Friday, December 30, 2005

Three RU-486 deaths not reported as "adverse effects"

From Fox News:
The FDA received reports of 607 adverse events involving the abortion drug RU-486 over a four-year period, it was reported this week.

The adverse events included five reported deaths and 68 cases of severe bleeding that required transfusions.

When Suzanne Poppema was reporting on her RU-486 patients to a National Abortion Federation gathering, she said it was difficult for her staff to get used to the amount of bleeding with a chemical abortion. Women would be standing at the reception desk with blood pooling around their feet, she said.
Late last month, federal officials confirmed that five women who died of toxic shock syndrome within a week of taking the drug to induce abortions had the same rare bacterial infection. Four of the deaths occurred in California and one in Canada. Three of these deaths were not among those included in the FDA's 607 events.

Is this because the deaths weren't reported, or because they're outside the area where the FDA is analyzing data? The article doesn't say.

And remember tampon-associated toxic shock syndrome? Remember how much trouble everybody went to, making sure women knew risks and prevention and so forth? How tampon manufacturing and marketing and labeling were changed? Why are tampon users entitled to more and better information than women considering abortion?
In addition to the five toxic shock deaths, a woman in Tennessee died from a ruptured ectopic pregnancy after taking the abortion drug, a Swedish teen died from a massive hemorrhage, and a woman in the U.K. died for unclear reasons.

And how many more deaths have gone unreported?
A total of 237 cases of hemorrhage were reported, with one resulting in death, 68 requiring transfusions, and 42 characterized as life-threatening.

That's 68 women that we know of subjected to the risks of transfusions, including possibly fatal hepatitis.
Seventeen of the adverse events involved ectopic pregnancies that were not discovered until after the women had taken the abortion drug; eleven involved ruptures and one resulted in death.

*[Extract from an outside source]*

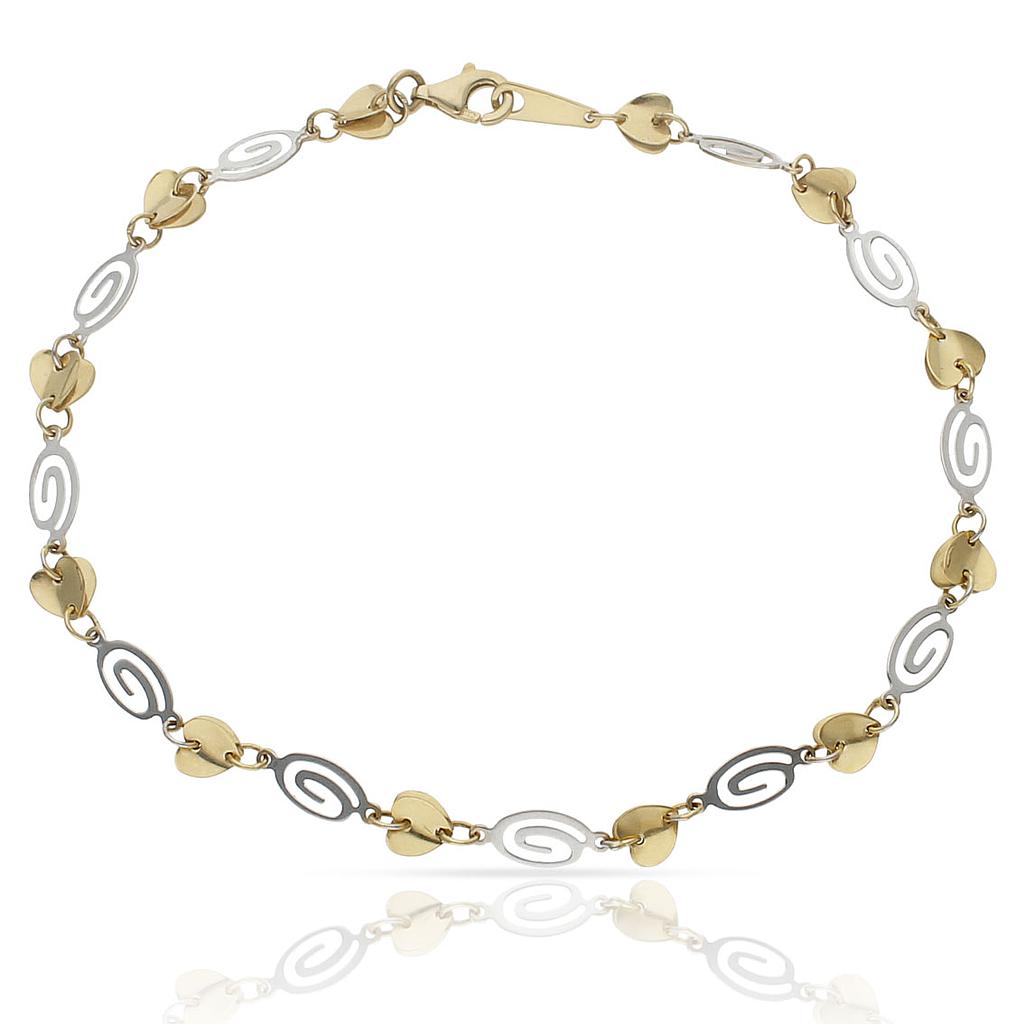 PULSERA ORO 18KL TOBILLERA BICOLOR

This is just plain sloppiness, again. There's no excuse for an abortion facility to fail to diagnose an ectopic pregnancy. They're supposed to be doing an ultrasound and an examination to verify the location of the embryo before proceeding. Even a jury of abortionists would call this malpractice! But a jury of abortion lobbyists wouldn't, I suppose.
Researcher Margaret M. Gary, MD, tells WebMD that she believes the adverse reactions reported to the FDA make up only a fraction of the true medical events that actually occur among women who take the drug to induce abortions. .... "The FDA reports that only about 1 percent to 10 percent of adverse events for any given drug are ever reported," she says. "And in this case women may be even less likely to report problems because they may be ashamed."

How about the people dispensing the drugs in the first place are quacks!?
Another problem, [Dr. Gary] says, is that even when women seek treatment their medical problem may not be recognized as being related to use of the drug. Early symptoms of drug-related bacterial infection often include abdominal cramping, nausea and vomiting. These symptoms are common among women who take the abortion drug.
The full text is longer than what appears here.